12/03/2026
The Real Risk in Dismissals: Why South African Employers Must Pay Attention to the Updated Code of Good Practice
Many employers only start looking at dismissal procedures after a dispute has been referred to the Commission for Conciliation, Mediation and Arbitration (CCMA).
By that stage, it is often too late.
Dismissals remain one of the most common causes of labour disputes in South Africa, and the financial, reputational and operational consequences can be significant if the correct procedures are not followed.
Recent developments linked to the Labour Relations Act 66 of 1995 and the proposed updates to the Code of Good Practice on Dismissal are a reminder that employers must continually review how they manage discipline, performance, and retrenchments.
The updated framework provides clearer guidance for employers — but it also raises the expectation that organisations will apply fair and consistent dismissal practices.
Here are some of the most important developments businesses should be aware of.
Fairness Still Remains the Foundation
The principle at the heart of South African labour law has not changed.
For a dismissal to be lawful, it must be both:
• Substantively fair (there must be a valid reason) • Procedurally fair (the correct process must be followed)
The Code continues to emphasise that the employment relationship must be based on mutual respect, fairness, and transparency.
For employers, this means that even when misconduct is obvious, the process followed will always matter.
Recognition That Small Businesses Cannot Operate Like Corporates
A welcome addition in the updated framework is the explicit recognition of small and growing businesses.
Historically, many smaller employers struggled because disciplinary procedures were often interpreted through the lens of large corporate HR departments.
The updated Code acknowledges that while fairness is essential, procedures may be applied more flexibly depending on the size and resources of the business.
This provides important relief for entrepreneurs and SMEs who may not have large HR teams managing workplace disputes.
Stronger Guidance on When Dismissal Is Appropriate
The Code has also expanded on the factors employers should consider before imposing dismissal as a sanction.
Beyond the seriousness of the misconduct, employers are encouraged to consider:
• The impact of the misconduct on the organisation • Whether the employee acknowledged wrongdoing • The employee’s willingness to correct their behaviour
This reinforces the importance of progressive discipline, ensuring dismissal is used proportionately and not as a first response unless the misconduct is severe.
Probation Is About More Than Just Performance
The updated guidance recognises that probation periods allow employers to evaluate not only performance, but also overall suitability for the role.

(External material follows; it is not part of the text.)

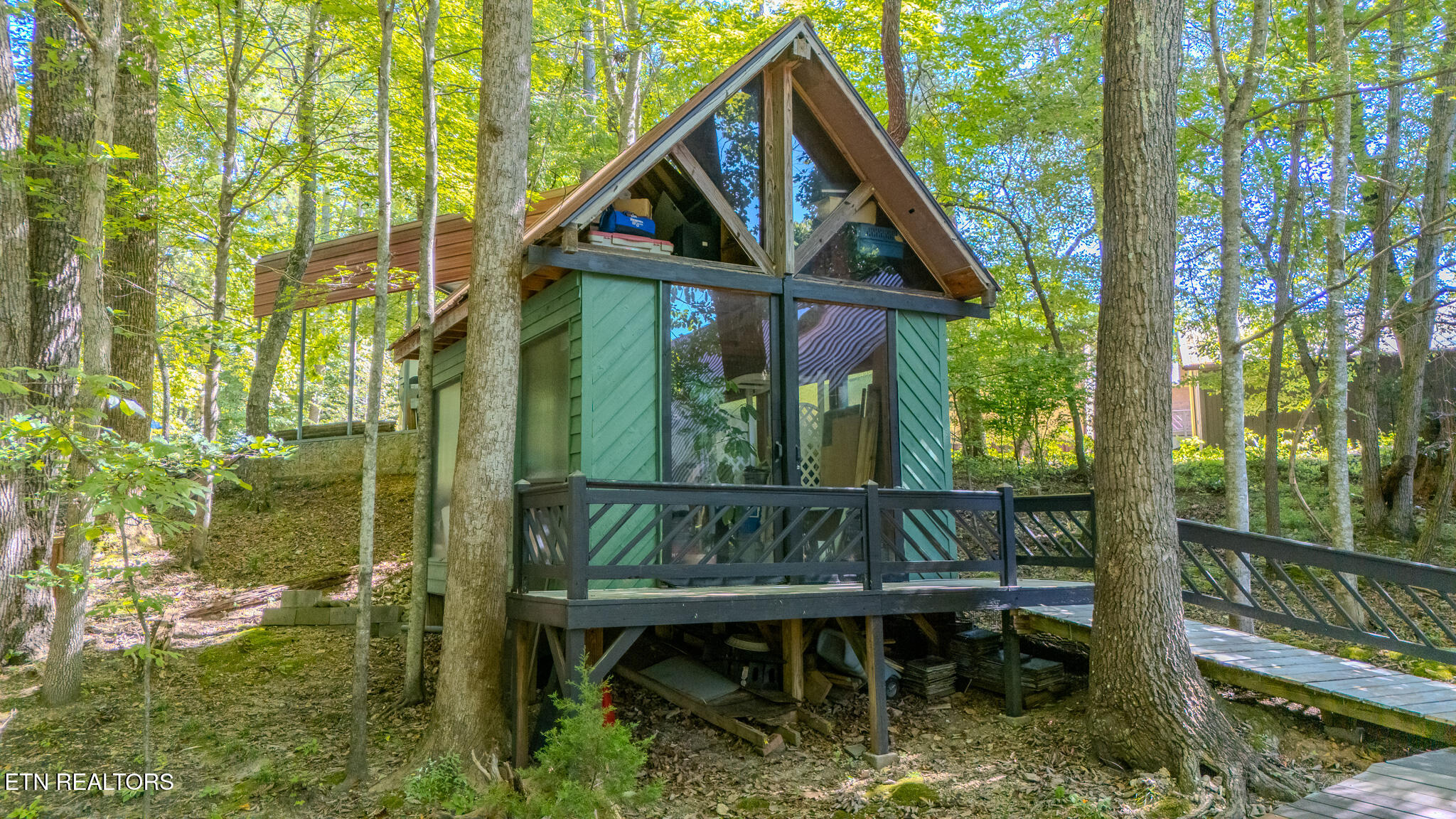 1411 Ridge Road Caryville TN 37714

This includes factors such as:
• Professional conduct • Cultural alignment • Ability to function effectively within the organisation
This change reflects the realities of modern workplaces, where technical ability alone is not always enough for long-term success.
A More Practical Approach to Poor Performance
Poor work performance continues to be one of the most misunderstood areas of dismissal.

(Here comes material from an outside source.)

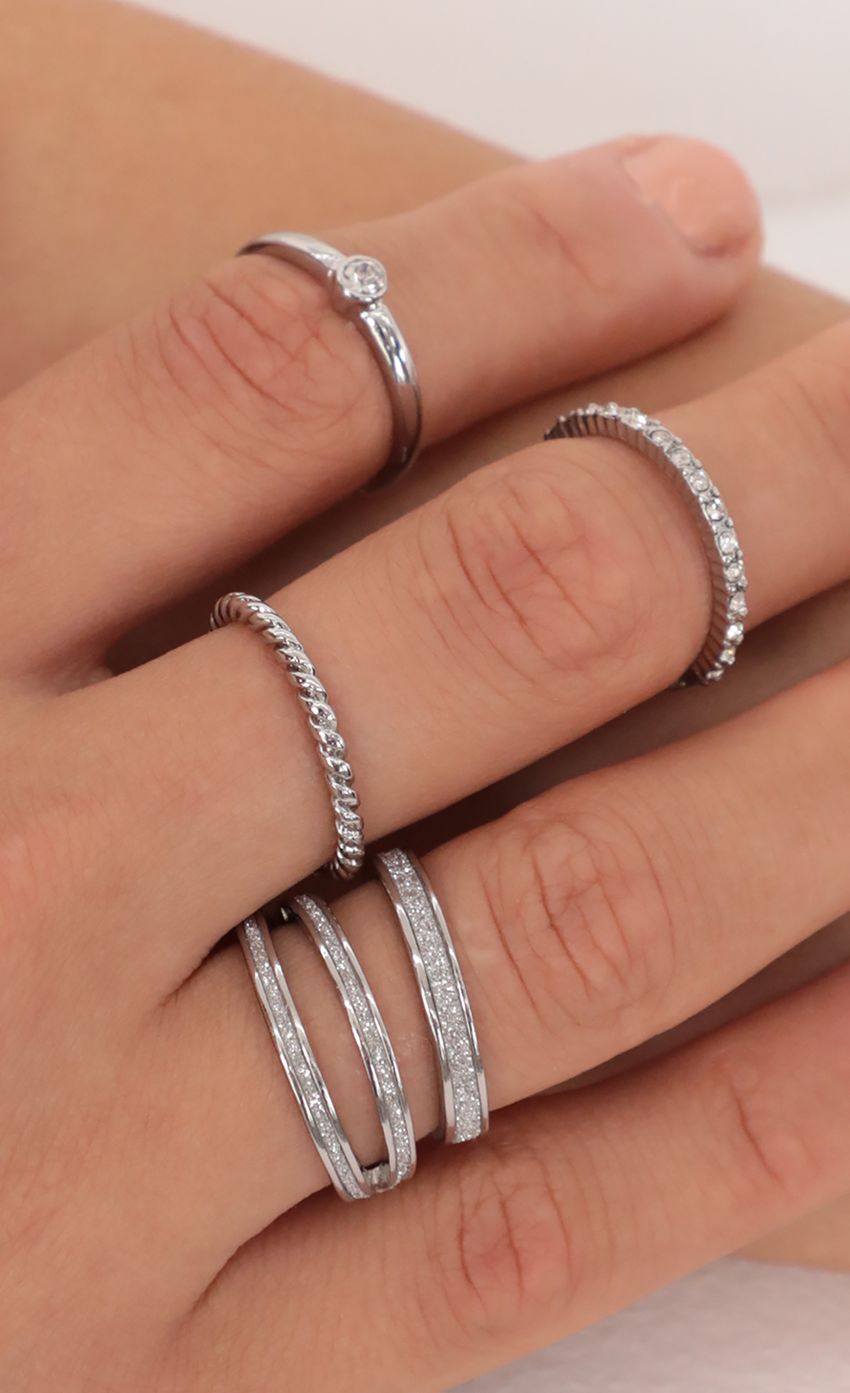Picture Shimmer Ring Set in Silver. Source: https://media-img.lucyinthesky.com/data/May21_1/850xAUTO/AT2A6660.JPG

The updated Code emphasises that employers must consider whether:
• The performance standard was reasonable and achievable • The employee received guidance, training, or support • The employee’s seniority or professional expertise meant they should reasonably have known the required standard. Importantly, senior professionals and highly skilled employees may be held to a higher level of accountability than junior staff.
A Broader Understanding of Incapacity
Traditionally, incapacity referred mainly to ill health or injury. The updated framework recognises that incapacity may also arise from other circumstances, such as:
• Situations where employees are unable to perform their duties due to external constraints • Persistent incompatibility within the workplace
While dismissals on these grounds still require careful handling, the expanded guidance gives employers clearer direction when managing complex employment situations.
Closer Alignment With Retrenchment Processes
The updated Code also introduces guidance on dismissals based on operational requirements, aligning the framework more closely with the requirements already contained in the Labour Relations Act 66 of 1995.
For employers navigating restructuring or retrenchments, this reinforces the importance of:
• Proper consultation • Transparent communication • Fair selection criteria
Failing to follow these principles remains one of the fastest ways to end up in litigation.
The Reality Employers Must Face
In South Africa, procedural mistakes in dismissals are one of the biggest risks facing employers.
Even where misconduct or poor performance is clear, failing to follow a fair process can result in:
• Reinstatement orders • Compensation awards • Lengthy CCMA or Labour Court disputes
Updating internal policies and ensuring managers understand the correct process is no longer optional — it is essential risk management.
Final Thought
Employment law is not static, and organisations that fail to evolve their internal practices often pay the price later.
The updated guidance under the Code of Good Practice on Dismissal provides employers with a clearer roadmap for managing discipline, performance, and operational restructuring.
The question for employers is simple:
Are your internal policies aligned with where South African labour law is going — or where it was ten years ago?